What the exercise asks:
For this listing, reproduce the line with "گردنبند جواهر صورتی", the line with "Gatto che beve birra poster da Hannah Meyer", and the lines between, exactly as they stand. Leave out pictures and all other lines.

Data to examine:
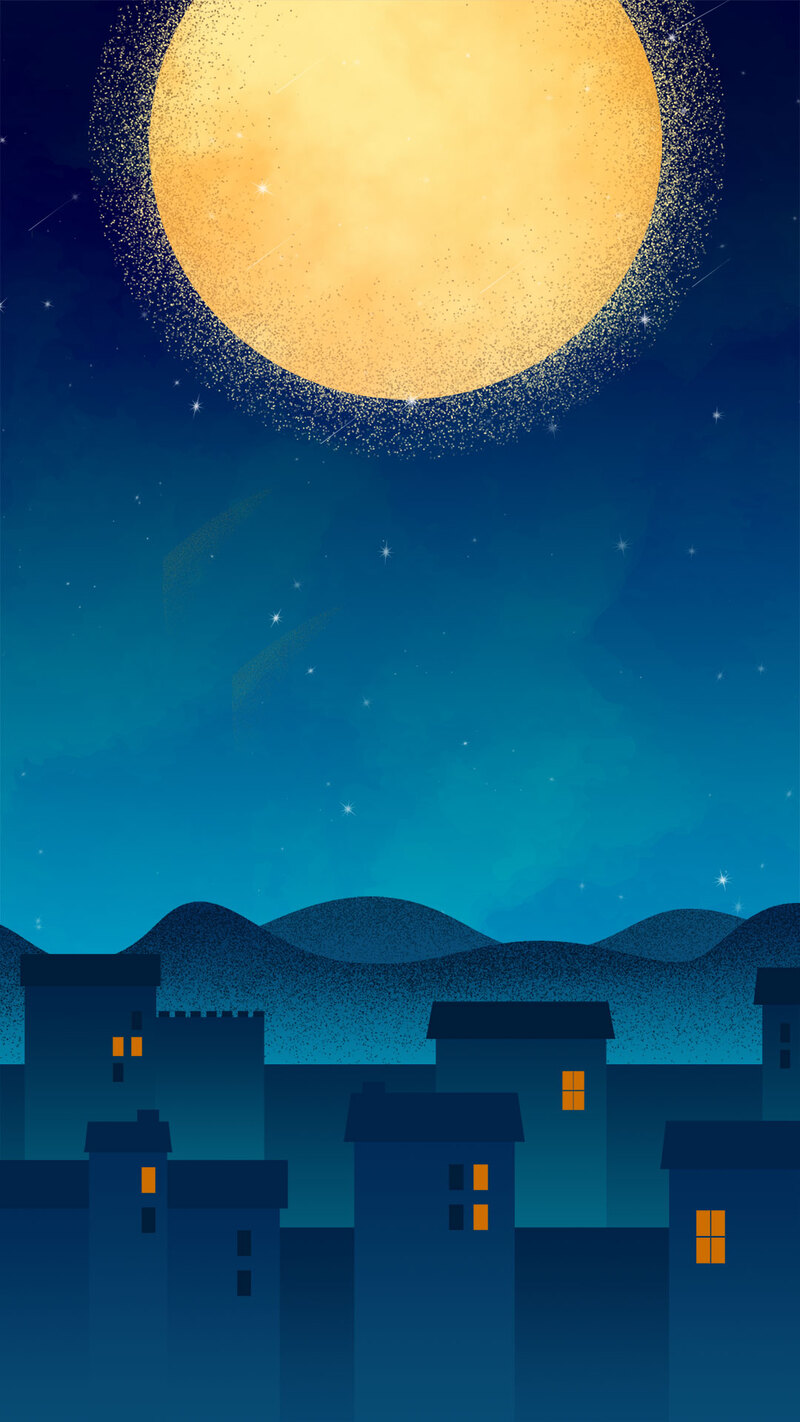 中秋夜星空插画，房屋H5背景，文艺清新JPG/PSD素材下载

---

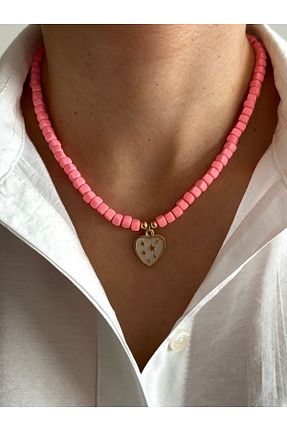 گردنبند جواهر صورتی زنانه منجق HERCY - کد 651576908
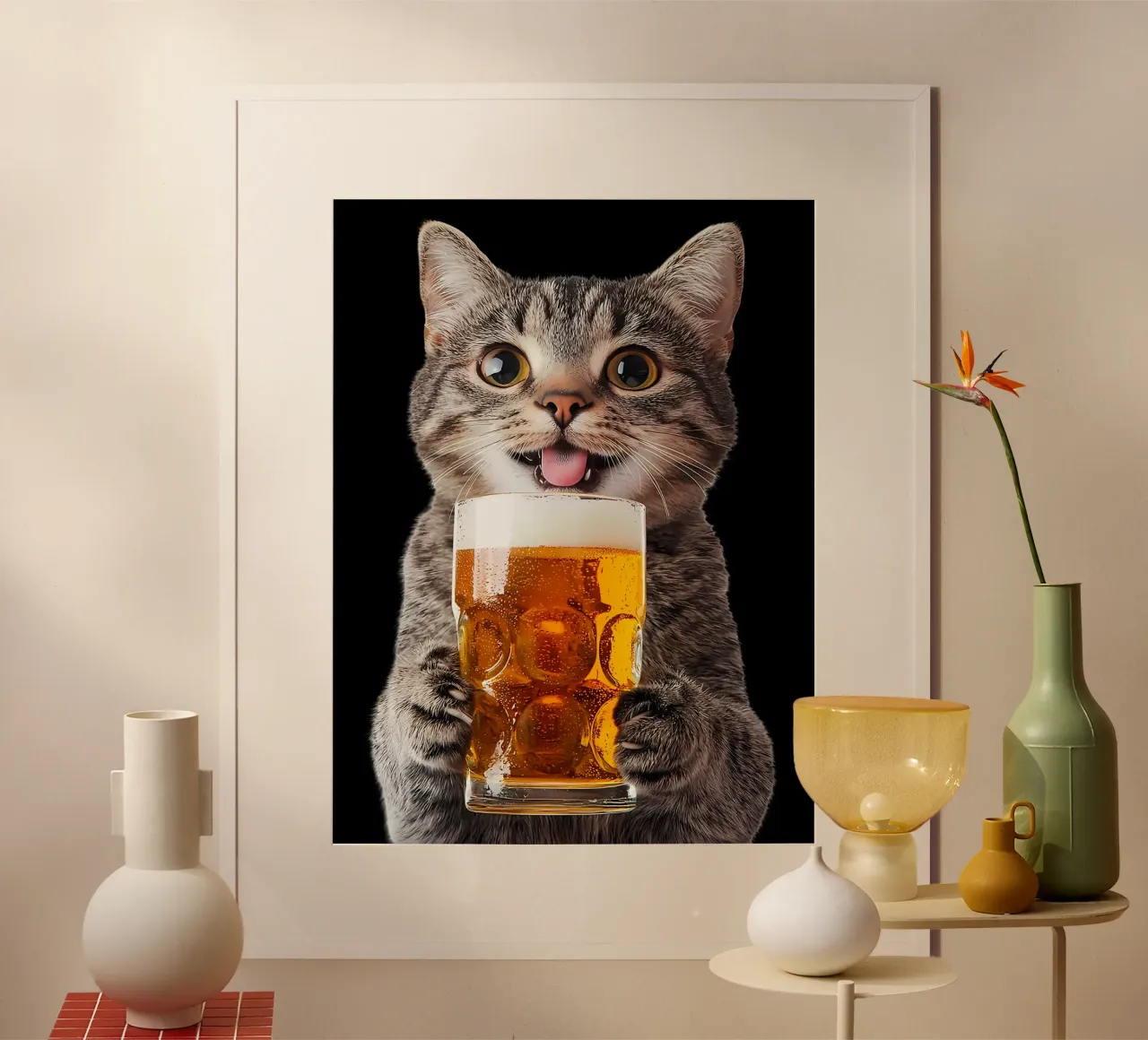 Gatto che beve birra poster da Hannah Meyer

Result for this exercise:
 گردنبند جواهر صورتی زنانه منجق HERCY - کد 651576908
 Gatto che beve birra poster da Hannah Meyer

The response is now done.